The published .crate contents were compared against the upstream Git repository at the commit recorded in .cargo_vcs_info.json (70361f7b) using diff -r. The full source tree was read: src/lib.rs (2662 lines), the src/repr/ submodules (~3300 lines), src/traits.rs, src/tests.rs (~2000 lines), src/macros.rs, src/unicode_data.rs, and every src/features/*.rs adapter. unsafe usage was enumerated with grep -rn "unsafe" contents/src (165 sites), and each unsafe block was paired with its SAFETY comment in src/repr/. System surface (std::process, std::net, std::fs, std::env, Command::) was checked with grep; no matches were found. The Cargo manifest was reviewed for build scripts (build = false), proc-macros (no [lib] proc-macro entry), and default features (default = ["std"]). The upstream fuzz/ workspace and .github/workflows/ were inspected to confirm the test surface (libfuzzer + AFL + honggfuzz harnesses, miri, proptest with PROPTEST_CASES=10000, MSRV CI, cross-platform CI). Tools used: diff (FreeBSD), grep (BSD), wc, ls, find, all at default versions shipped with macOS 25.5.

Results

The published crate contents match the upstream repository byte-for-byte in all source files; the only differences are cargo's standard Cargo.toml normalisation and the addition of .cargo_vcs_info.json. No binary artefacts are shipped (justifying has-binaries). There is no build.rs and the manifest's [lib] table does not set proc-macro = true, so the crate performs no compile-time code execution on consumers (justifying has-build-exec and has-install-exec).

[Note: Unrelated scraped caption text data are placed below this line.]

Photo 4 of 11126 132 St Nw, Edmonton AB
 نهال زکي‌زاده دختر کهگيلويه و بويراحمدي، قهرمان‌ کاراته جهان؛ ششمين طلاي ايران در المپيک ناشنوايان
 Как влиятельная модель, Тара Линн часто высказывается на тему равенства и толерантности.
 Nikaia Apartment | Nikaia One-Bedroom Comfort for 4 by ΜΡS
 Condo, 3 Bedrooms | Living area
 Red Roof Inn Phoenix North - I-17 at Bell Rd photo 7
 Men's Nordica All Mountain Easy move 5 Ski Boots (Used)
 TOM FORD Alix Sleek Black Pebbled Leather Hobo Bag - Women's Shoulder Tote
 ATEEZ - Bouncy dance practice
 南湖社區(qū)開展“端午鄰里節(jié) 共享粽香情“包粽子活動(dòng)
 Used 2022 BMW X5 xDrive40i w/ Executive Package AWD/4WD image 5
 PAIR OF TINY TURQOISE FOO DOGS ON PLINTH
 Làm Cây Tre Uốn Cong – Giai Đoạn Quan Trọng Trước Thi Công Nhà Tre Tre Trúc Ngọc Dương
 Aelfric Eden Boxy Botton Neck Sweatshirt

The crate is no_std-by-default with an opt-in std feature. No code path opens files, sockets, processes, or reads environment variables; the only system interaction is the global allocator. Justifies uses-network, uses-filesystem, uses-exec, and uses-environment. There are no cryptographic primitives, no JIT, and no embedded interpreter (uses-crypto, uses-jit, uses-interpreter, impl-crypto, impl-interpreter, impl-jit, impl-protocol, impl-parser). The implementation is a string data structure (justifying impl-datastructure) and is not an algorithm in the sense the taxonomy contemplates (impl-algorithm). The crate declares unsafe impl Send/Sync for the representation but spawns no threads and uses no concurrency primitives (uses-concurrency, impl-concurrency).

unsafe is pervasive (165 sites) because the SSO scheme requires hand-managed memory: a NonNull<u8> heap pointer with capacity packed into spare bits of the discriminant word, reinterpretation between Repr, HeapBuffer, InlineBuffer, and StaticStr via mem::transmute, manual alloc::alloc/realloc/dealloc calls, raw ptr::copy[_nonoverlapping] in replace_range_*, insert_str, and the integer-to-string fast path adapted from libcore. Every unsafe block reviewed carries a SAFETY comment naming the invariant it relies on (length bound, char boundary, discriminant check, allocator layout). The invariants themselves are narrow and locally checked: e.g. replace_range calls ensure_range before the unsafe arms; InlineBuffer::new has debug_assert!(text.len() <= MAX_SIZE) paired with its safety contract; from_string checks the capacity tag before reusing the String's buffer.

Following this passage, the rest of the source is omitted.